Baseline Debuts to Challenge GLP-1 Giant Lilly in Alcohol Use Disorder

The man opens the door. The concept of mystery or new opportunities or the path to the future.

While Baseline Therapeutics declined to disclose its starting capital, the startup said it will use the funds to push its GLP-1 asset BT-001 into late-stage development, with two trials planned this year.

Another player is entering the crowded GLP-1 space. Baseline Therapeutics launched on Tuesday to test the potential of the drug class as a treatment for addiction disorders—a field that industry leaders like Eli Lilly have recently started exploring.

Baseline is staying mum about how much money it is starting out with. A spokesperson for the startup told BioSpace in an email that the company is “not able to comment on financing quite yet.”
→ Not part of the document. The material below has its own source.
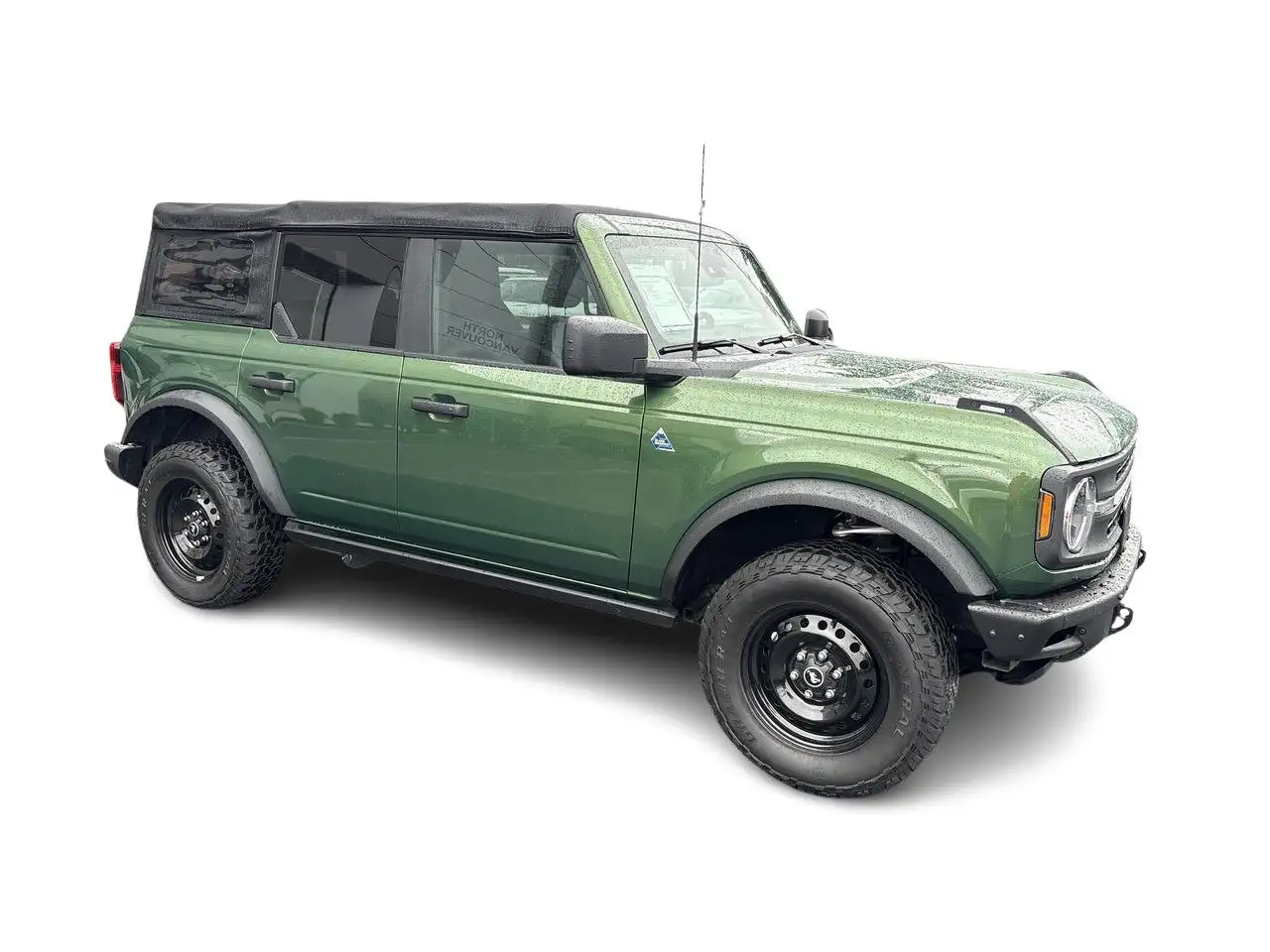 Ford Bronco - Image 17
The biotech, based in San Francisco, will use its initial capital to bankroll the late-stage development of its lead asset BT-001, a once-weekly GLP-1 analog being tested for alcohol use disorder (AUD). Baseline has already aligned with the FDA on the drug’s development pathway and is gearing up to launch two randomized, placebo-controlled Phase III studies this year, according to a news release on Tuesday.

Baseline is also planning to test BT-001 in other substance use disorders in the future, including those involving opioids. Phase II/III development of the drug for cocaine and methamphetamine use disorders is set to start in the third quarter of this year, according to the biotech’s website.

“We are prioritizing execution: an FDA-aligned Phase 3 plan, a weekly dosing profile designed for adherence, and a multi-indication strategy that can extend beyond [alcohol use disorder],” CEO Nicholas Reville said in a statement. Alongside Reville is Morris Birnbaum, chief scientific officer, who held the same role at Pfizer’s Internal Medicine Research Unit.

Using GLP-1s to treat addictive conditions isn’t a new idea. In an August 2023 interview with BioSpace, Michael Glockman, obesity medicine specialist at Revolution Medicine, Health & Fitness, said there is growing evidence to suggest that GLP-1 drugs are “blunting that pleasure response across the board. I think there are so many interplays in the brain that are involved with the dopamine pleasure response, and addiction falls into that.”

A Phase II study published in JAMA Psychiatry in February 2025 seems to bear this potential mechanism out. Patients given Novo Nordisk’s semaglutide drank significantly less alcohol and had lower peak breath alcohol levels. Semaglutide treatment also predicted lower heavy drinking over time. The study wasn’t funded by Novo, though its principal author has received consulting fees from the company for other work.

Lilly, co-market leader with Novo with its obesity drug Zepbound, has started exploring the use of GLP-1s for AUD and in October last year launched a Phase III trial of brenipatide, a GLP-1/GIP candidate, in patients with the condition. The study is currently recruiting participants and is set to be completed in April 2028.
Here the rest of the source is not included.